É um facto que, passados os chamados “30 anos dourados” (1945-1975), o capitalismo organizado foi ultrapassado pela globalização neoliberal, e o mundo voltou a ser marcado pela incerteza, pela intensificação das injustiças, pelo aumento das desigualdades e abriram-se novas clivagens e crispações na sociedade. Os sinais de entropia generalizada do sistema económico justificam a necessidade da análise crítica, do pensamento alternativo e, para muitos, renasceu a esperança de superação do sistema capitalista. Marx ganhou uma nova vida, renascido das cinzas para onde foi (precipitadamente) remetido com a implosão do regime soviético. A sua dimensão emancipatória e utópica continua poderosa.
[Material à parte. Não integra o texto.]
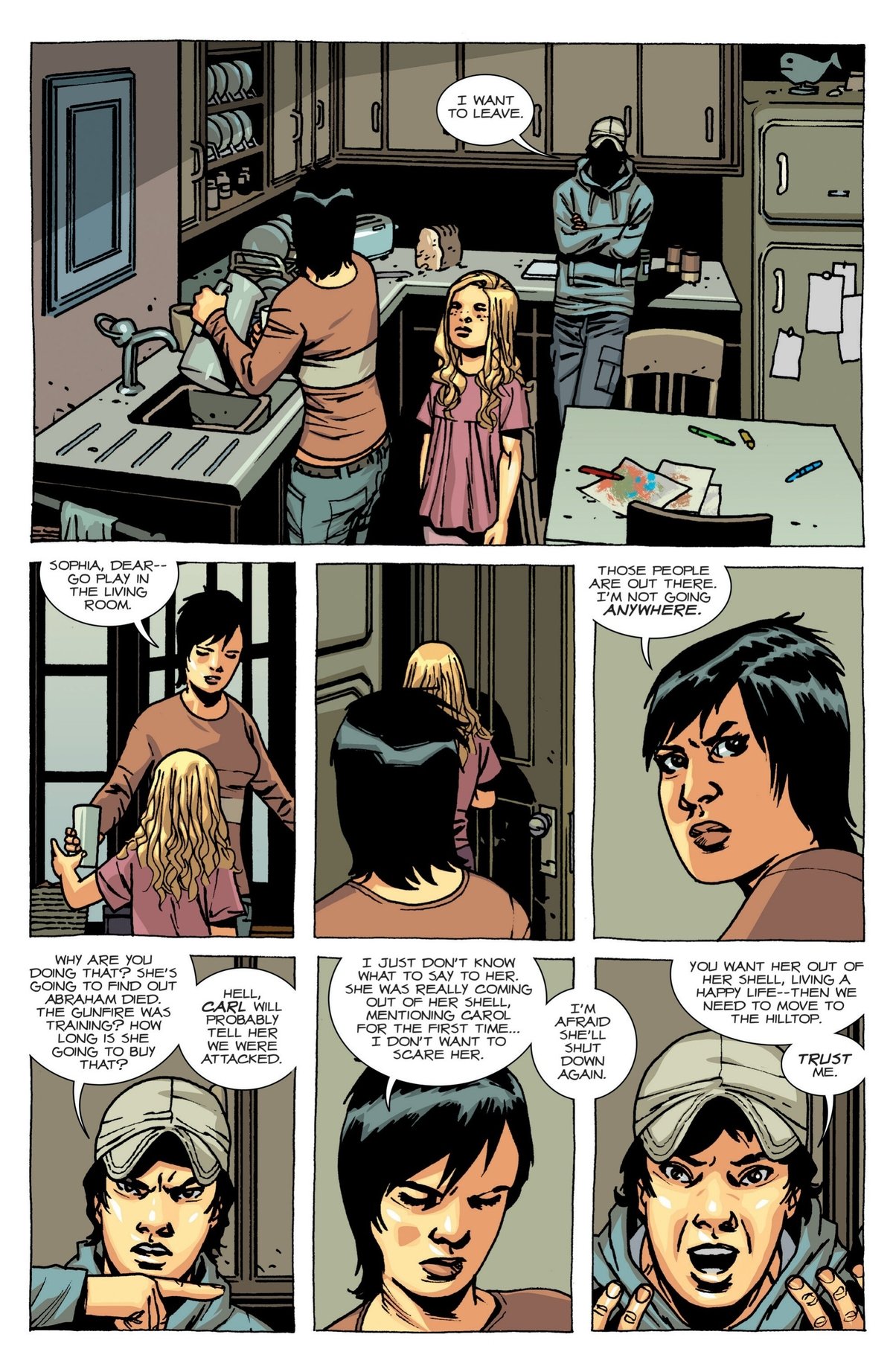 Read The Walking Dead Deluxe 2020 EN Manga Online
Mas, embora a reforma do capitalismo possa sempre ocorrer na sequência de ações revolucionárias, não é inevitável que isso suceda. O sistema pode transformar-se pela ação conjunta dos movimentos sociais – direta ou indiretamente expressão de lutas de classes, visto que, ao lado da revolução digital e tecnológica, a concentração de riqueza nos mais ricos continua a basear-se em larga medida na especulação financeira, na fuga aos impostos, na estagnação salarial da força de trabalho e, portanto, na exploração – e da política institucional num processo onde, mais do que uma vanguarda esclarecida, é porventura na retaguarda e na pulsão identitária dos denegados e precarizados que reside a chave dos avanços civilizacionais (ou retrocessos). Vivemos tempos de incerteza onde o “anticapitalismo” pode confundir-se com “antidemocracia”. Não sabemos qual das tendências em curso poderá vingar, se as que emanam da conjugação entre a vontade de rebelião e a ética solidária e humanista, ou antes as que obedecem à retórica populista e neofascista. Para o campo da esquerda, o espectro de Marx não pode ser sinónimo de messianismo, mas a superação (progressista) do capitalismo terá de ser sinónimo de socialismo democrático.